Quand je me présente à quelqu’un, je donne une partie de mon état civil, des choses apparentes qui ont, pour partie, formé ma personnalité. Suivant mon état de fatigue j’aurai un certain maintien, mon visage sera plus ou moins détendu, et mes vêtements plus ou moins distendus. Mais c’est bien moi qui suis là-devant. Puis en conversant, je laisserai, plus ou moins consciemment, apparaître certains traits de caractère, certains tics de langage, des mimiques, mon bric-à-brac personnel. Mais beaucoup de choses resteront cachées, dans des recoins, ou sous des dalles. Bref je ne serai moi que d’une certaine façon. Avec le temps et les rencontres, tout ceci prendra de l’épaisseur, les couches se multiplieront et suivant qui est devant moi, surgiront ces petits riens qui sont ce que je suis.

Dans une certaine mesure toutefois car il n’est pas possible de se présenter d’une manière si impeccable. Toujours à la première rencontre, je présenterai en fin de compte qui je suis réellement. C’est dans ce premier moment que je peux évoquer la suspension.

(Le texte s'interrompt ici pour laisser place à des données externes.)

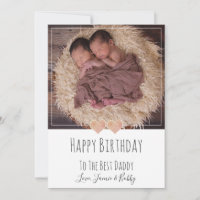 Niedlich Twins Baby Foto Happy Birthday Vater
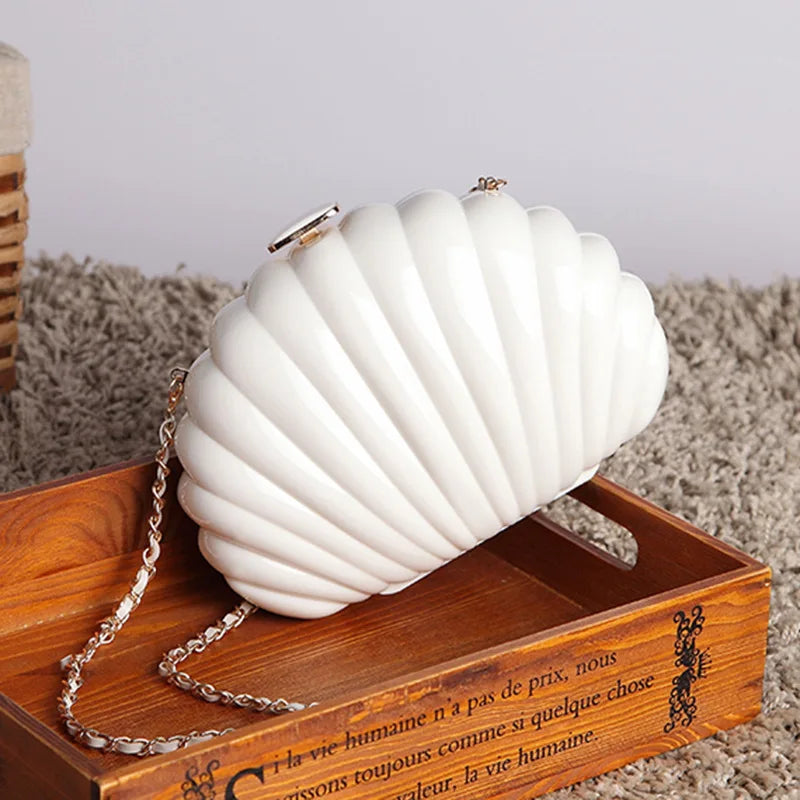 White Acrylic Seashell Shape Women's Handbags Party Fashion Chain Wedding Evening Bag Lady Purses Shell Shoulder Crossbody bag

Ce n’est pas qu’un soupir, un blanc, un moment fugace, c’est aussi tout cet appareil complexe qui me constitue. C’est tout ce que je pourrais dire si. A la fois la longue théorie des possibles et tout ce que je pense et je suis en fait. Cet instant sera en suspension à chaque nouvelle rencontre, il sera une vapeur en attente de condensation. Ce qui fait la poussière d’une maison condamnée.